* Description of the task *
Return the records below exactly; pictures stay out.

* Records provided *

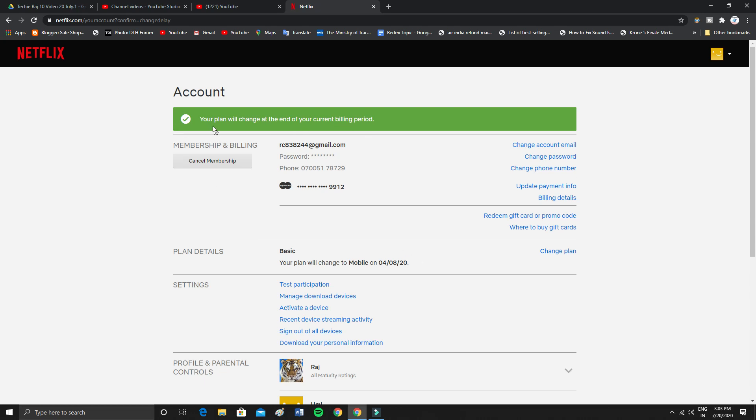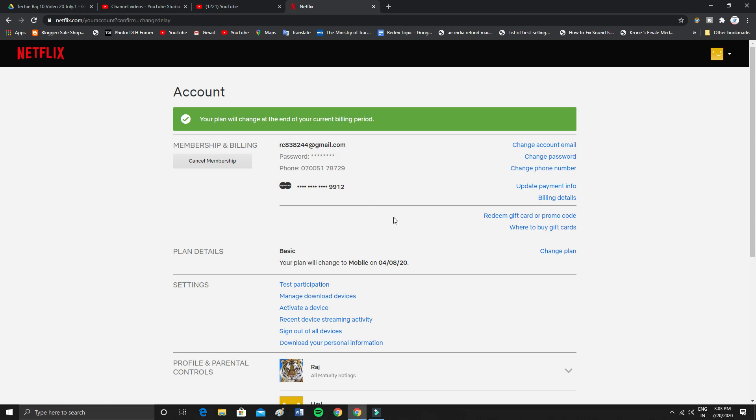Your plan will be changed at the end of your billing because you have already paid for the basic plan. If it changes right now then you would be losing your money. You have already paid and you won't be able to use on desktop, so that's why they are giving you this grace period.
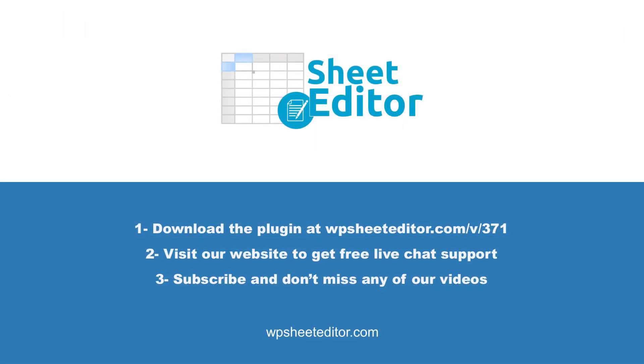Remember that in the video description you will find the links to download the plugin and to see our written guide. We have live chat support and a blog with hundreds of tutorials if you need help. Subscribe to our YouTube channel for more video tutorials.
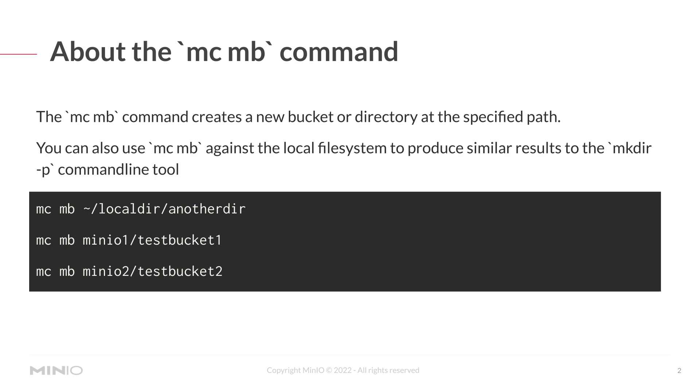Some examples here are MC MB local dir and another dir, or you could do MC MB an alias name testbucket1, or MC MB another alias name MinIO2 testbucket2.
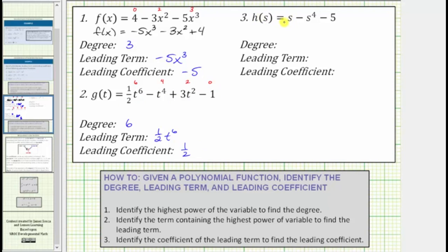For number three, we have h of s equals s — or if we want, s to the first — minus s to the fourth minus five. The degree of the first term is one, given by the exponent of one on the variable s. The degree of the second term is four, given by the exponent of four on the variable s. And the degree of the constant term negative five is zero. Because the highest power on the variable is four, this is a degree four polynomial function. Because the term containing the highest power of the variable is negative s to the fourth, negative s to the fourth is the leading term.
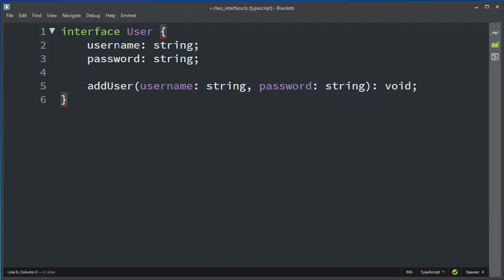Password will also be a string, and our function will not return anything. When you're making interfaces, you can start the name of your interface with the first letter 'I', which will suggest to you and your colleagues that the name represents an interface.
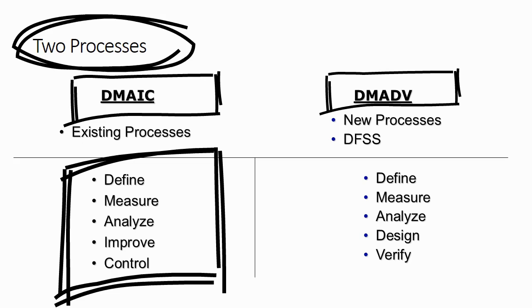This process is used for improving an existing process. If you have a process and you want to improve that process, you want to bring the performance of that process to Six Sigma level, you will be using DMAIC process.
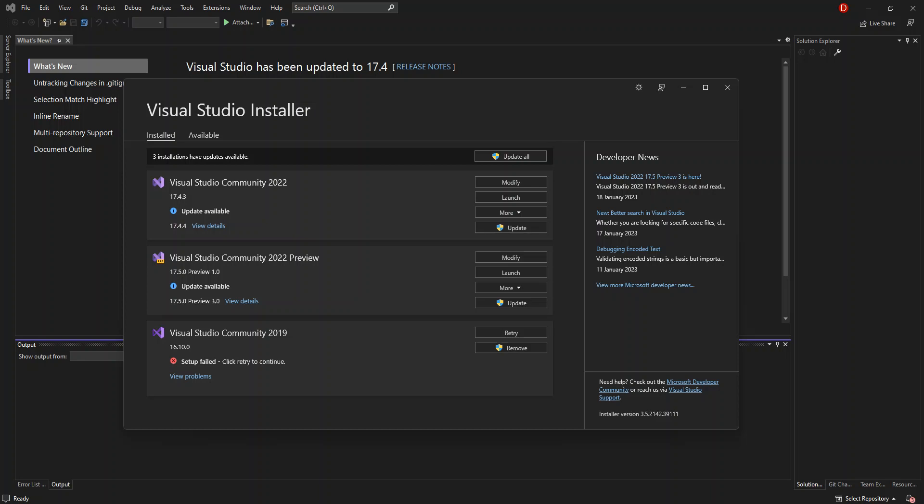Hello, everyone. Welcome back once again. In this video, we will look at getting started with Microsoft Word web app inside Visual Studio 2022. We will look at downloading and installing the necessary components needed for us to get started. But before we get started, please make sure you subscribe to the channel if you haven't.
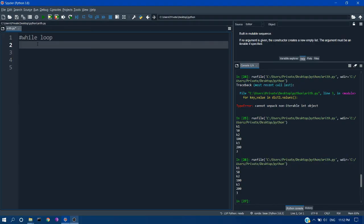Hello all! So in the last lecture we have seen about for loops and in this lecture we will see about while loop.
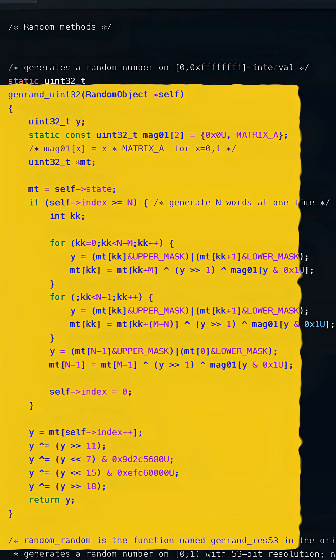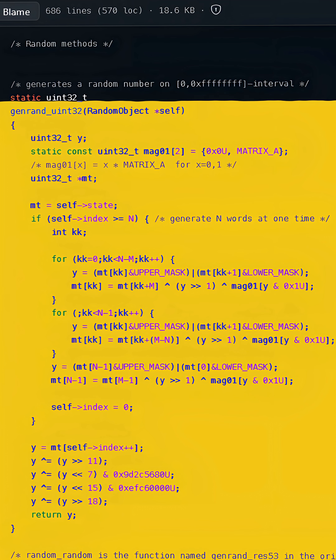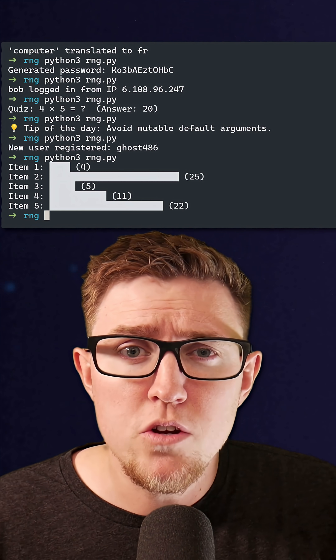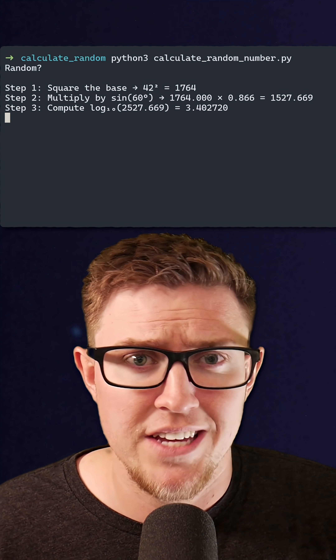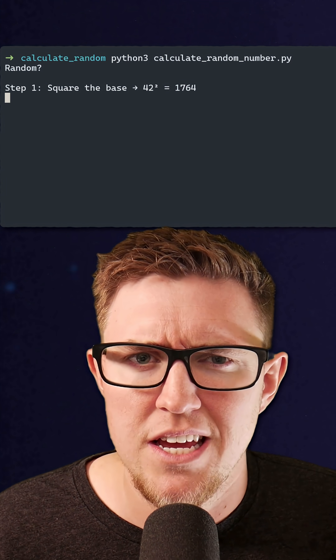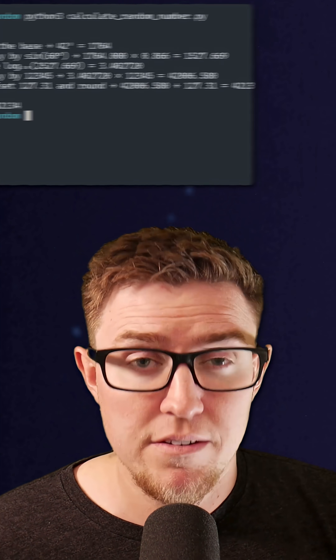How do computers generate random numbers? It's something most developers take for granted — you just call something like math.random and move on with your day. But how does that function actually work? If you didn't have a standard library, how would you get a random number? How do you write a program that does something differently every time it's run? You can write complicated math to calculate a number that looks random, but if the calculation's always the same, you will get the same result every single time.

* Completed task *
Your plan will be changed at the end of your billing because you have already paid for the basic plan. If it changes right now then you would be losing your money. You have already paid and you won't be able to use on desktop, so that's why they are giving you this grace period.
Remember that in the video description you will find the links to download the plugin and to see our written guide. We have live chat support and a blog with hundreds of tutorials if you need help. Subscribe to our YouTube channel for more video tutorials.
Some examples here are MC MB local dir and another dir, or you could do MC MB an alias name testbucket1, or MC MB another alias name MinIO2 testbucket2.
For number three, we have h of s equals s — or if we want, s to the first — minus s to the fourth minus five. The degree of the first term is one, given by the exponent of one on the variable s. The degree of the second term is four, given by the exponent of four on the variable s. And the degree of the constant term negative five is zero. Because the highest power on the variable is four, this is a degree four polynomial function. Because the term containing the highest power of the variable is negative s to the fourth, negative s to the fourth is the leading term.
Password will also be a string, and our function will not return anything. When you're making interfaces, you can start the name of your interface with the first letter 'I', which will suggest to you and your colleagues that the name represents an interface.
This process is used for improving an existing process. If you have a process and you want to improve that process, you want to bring the performance of that process to Six Sigma level, you will be using DMAIC process.
Hello, everyone. Welcome back once again. In this video, we will look at getting started with Microsoft Word web app inside Visual Studio 2022. We will look at downloading and installing the necessary components needed for us to get started. But before we get started, please make sure you subscribe to the channel if you haven't.
Hello all! So in the last lecture we have seen about for loops and in this lecture we will see about while loop.
How do computers generate random numbers? It's something most developers take for granted — you just call something like math.random and move on with your day. But how does that function actually work? If you didn't have a standard library, how would you get a random number? How do you write a program that does something differently every time it's run? You can write complicated math to calculate a number that looks random, but if the calculation's always the same, you will get the same result every single time.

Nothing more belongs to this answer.